Why object to extensibility?
Whilst I’ve explained the goals of some of the design decisions for @role
and RDFa, it’s clear that not everyone likes the ‘extension points’ approach.
The WHATWG for example are pursuing a much more
monolithic approach with HTML5; they see
no need for extension points, since the language itself will cover everything.

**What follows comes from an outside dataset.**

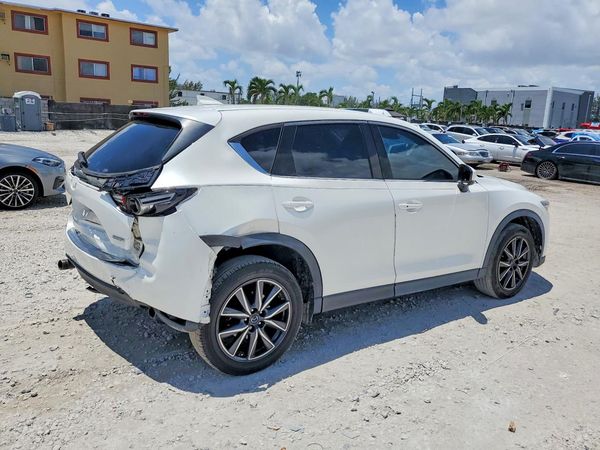 2017 MAZDA CX-5 Grand Touring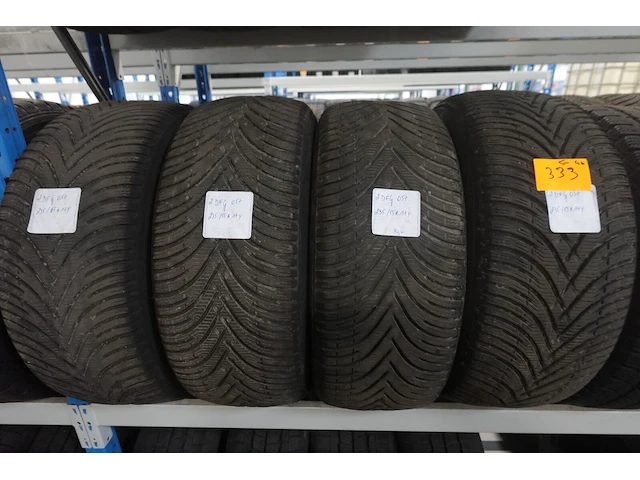 4x band ( gebruikt) 17inch kleber - afbeelding 1 van  3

But this means that if your company or organisation doesn’t have the resources
to allocate someone to be involved in the standards process, your perfectly
reasonable requirement will go unsupported. The Microformats approach is also
counter to the idea of ‘extension points’ that are open to anyone, since it,
too, attempts to centrally control the creation of new formats, stifling the
evolution of new vocabularies by specialists within their sectors. Which
means, unfortunately, that HTML5 is unlikely to add support for RDFa, since
it’s completely counter to the aims and goals for HTML5. But lest anyone gets
too worried about that, bear in mind the following:
- RDFa is being parsed from HTML pages by Yahoo!’s SearchMonkey;
- RDFa is being promoted by Creative Commons as the approved way of adding licensing information;
- the London Gazette has all of its pages marked up using RDFa (see SemWebbing the London Gazette), making it the first major RDFa project in the world;
- RDFa is central to a couple of projects I am working on for the UK government’s Central Office of Information;
- RDFa is being incorporated into Drupal core. The prospects for being able to extend documents without having recourse to standards organisations is enormous, and consequently interest is growing fast in RDFa. We should therefore concentrate for now on its use for people who need extensibility points in their documents and applications.